Gun reform has been an increasingly debated and publicized topic since the new year. With 22-year-old unarmed Stephen Clark being fatally shot by police in Sacramento, California, on March 18, it is clear that reform should not only be implemented on a civilian level, but with our police too.
Sacramento police were investigating vandalism in the neighborhood before ending Clark’s life. Assuming the cellphone he was holding was a gun, two officers fired up to 20 shots at Clark. His autopsy reported that eight bullets hit him, six in the back, one in the neck and one in the thigh.
The optics of this autopsy negate the police press release that said the two officers “saw the suspect facing them, advance forward with his arms extended, and holding an object in his hands.”
It does not seem likely that six bullets lodged in a dead man’s back would occur if he had been running toward them with an alleged gun-turned-cellphone.
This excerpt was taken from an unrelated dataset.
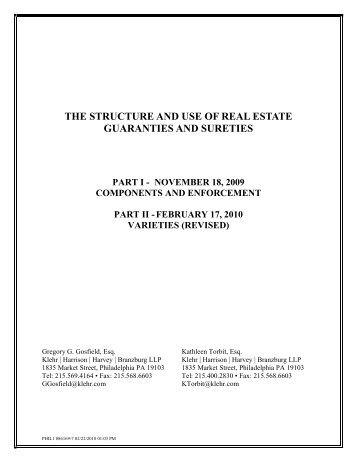 the structure and use of real estate guaranties and sureties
An unarmed man’s life should not have been taken — at the rate of eight bullets to the body — regardless of the officers fearing a cellphone’s mistaken identity. Lethal force was by no means necessary.
Reform and systematic change is required at a federal level to prevent tragedies like this again. According to the Washington Post, 277 people have been killed by police officers in 2018 alone. This is not a new phenomenon and it is not one that has been taken lightly.
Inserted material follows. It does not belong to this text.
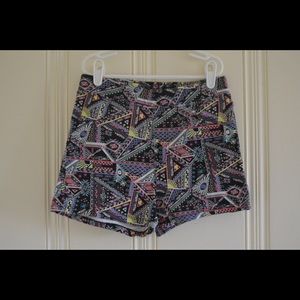 H&M Unique Multicolor Pattern High Waisted Shorts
Black Lives Matter (BLM) protests have been demanding justice and police reforms since 2013 after killings of black men such as Michael Brown, Philando Castile and Eric Garner. Clark’s death joined this lineup on March 29 as a BLM protesters took to the streets of Sacramento. Yet reform remains nonexistent as the volume of police killings persist.
A federal intervention should be mandated to ensure more lives are not senselessly taken. However, White House spokeswoman Sarah Huckabee Sanders said the Clark shooting was a “local matter.”
To declare that Clark’s addition to the number of black men who are tragically and unjustly slain by police is merely “local” when the frequency of these killings occurs nationally is unsound and complacent. Lack of reform signifies that neither law enforcement nor legislators value black lives.
Police training should be modified.
This method of fire first and think later is unsustainable. Using fatal force should be a last resort in terms of police action to de-escalating a situation, especially in cases like Clark, where a suspect is unarmed.
When police are under investigation for killings, it should not be the responsibility of the officers’ own department to examine the case. A higher-level or third-party department should assess these cases to ensure fairness and objectivity.
These types of changes are required on a national level. It is clear that local governments and police departments will not effectively address this epidemic. The right to safety and life should not only be reserved for those with white skin.
It is entirely possible for police to defuse a situation while keeping a suspect’s life intact before being brought into custody — it has been seen before with mass shooters. Police can and should take the same measures of action when confronting a possible suspect, regardless of skin color.